THE CHURCH of England’s battles over sexuality re-erupted this week as senior evangelical bishops warned leaders to consider ‘the practical consequences of these sincerely held differences.’
The bishops have written a letter to Bishop Christopher Cocksworth to share their own responses to the ongoing Living in Love and Faith (LLF) project for which he is Chair.
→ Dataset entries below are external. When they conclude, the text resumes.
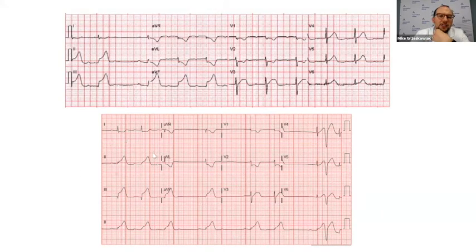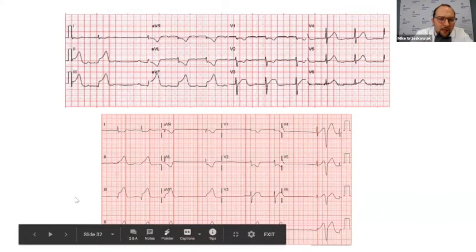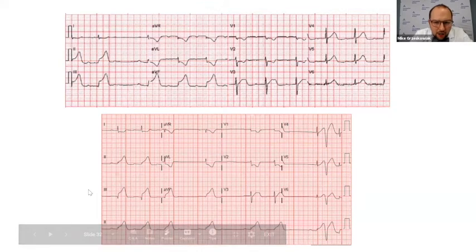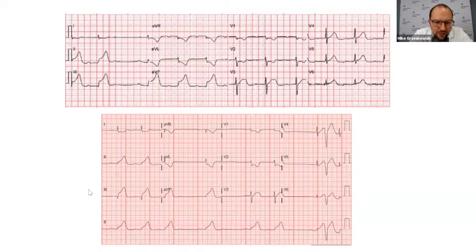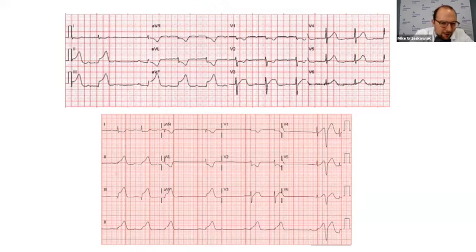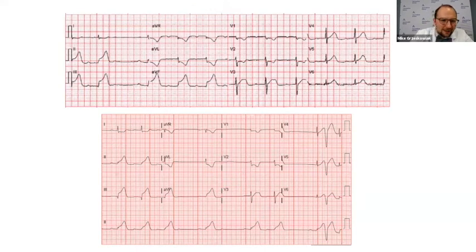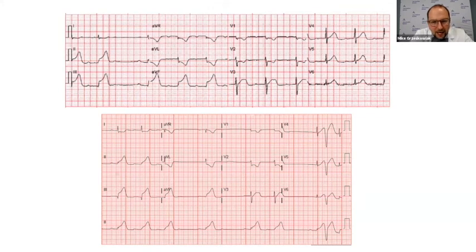Looking at the EKG here that we had in the ED — looking at the rate, he's definitely bradycardic, and his rhythm is irregular. This was basically a second-degree type one heart block.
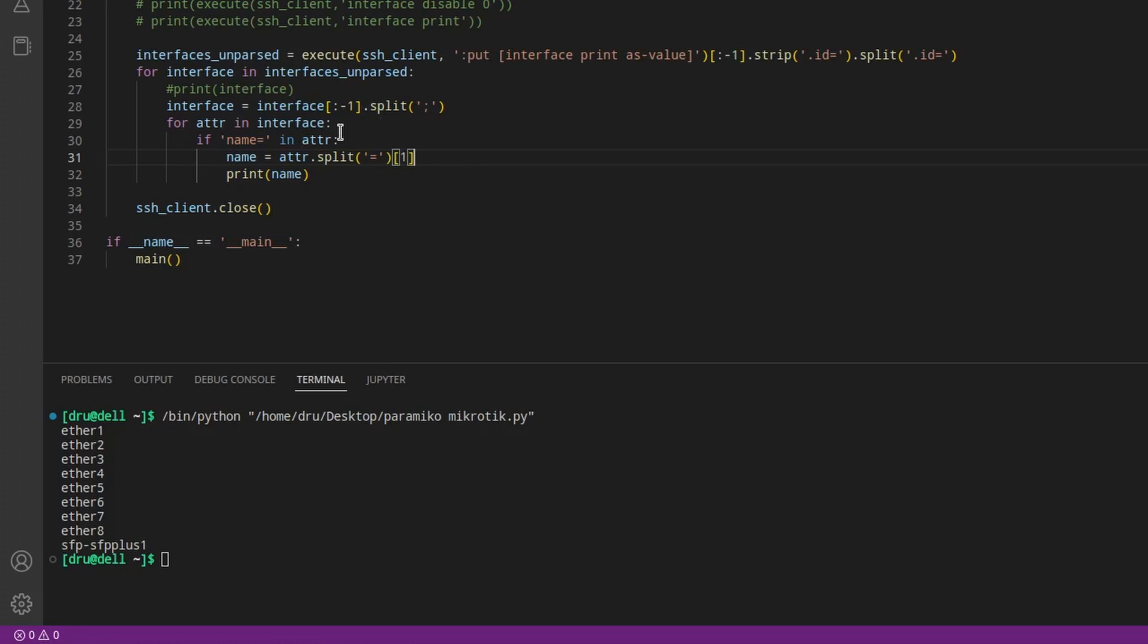This is because for most of the interfaces, the last symbol was a semicolon, which would create an empty element if we just did the split semicolon. And on the last interface, instead of a semicolon, we had left an invisible symbol that we removed in this case as well.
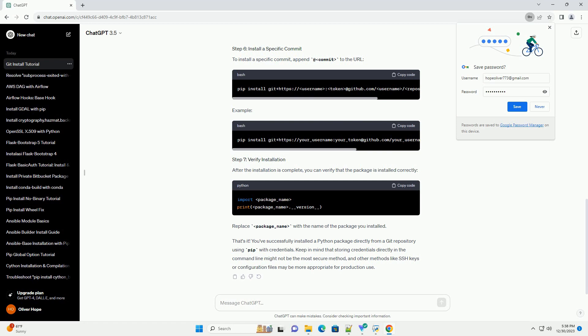After the installation is complete, you can verify that the package is installed correctly. Replace package_name with the name of the package you installed. That's it. You've successfully installed a Python package directly from a Git repository using pip with credentials.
They invited him to share the views with the wider co-ordinating group.
Following the February 2017 Group of Sessions, the Archbishops of Canterbury and York outlined their proposals for continuing to address questions concerning human sexuality.
The Archbishops committed themselves and the House of Bishops to two new strands of work: the creation of a Pastoral Advisory Group and the development of a substantial Teaching Document on the subject, Living in Love and Faith: Christian Teaching and Learning about Human Identity, Sexuality and Marriage.
The evangelical bishops say that they cannot ‘abandon’ traditional teaching on marriage and sexuality‘in order to appear relevant’.
The bishops say that it is important for them that LLF maps out arguments that challenge traditional teaching but also offers teaching that provides a theological evaluation of them based on Scripture.
“LLF will therefore rightly attend carefully to the experience and understandings of LGBT+ people (and their diverse self-understandings and visions of the faithful pattern of Christian discipleship).We also believe that LLF must recognise and address the wider challenges in church and society to traditional Christian teaching,” they said.
They say that people must not ‘lose sight of our common, shared humanity’ and they call out‘the need for the church to offer a coherent, single ethic’.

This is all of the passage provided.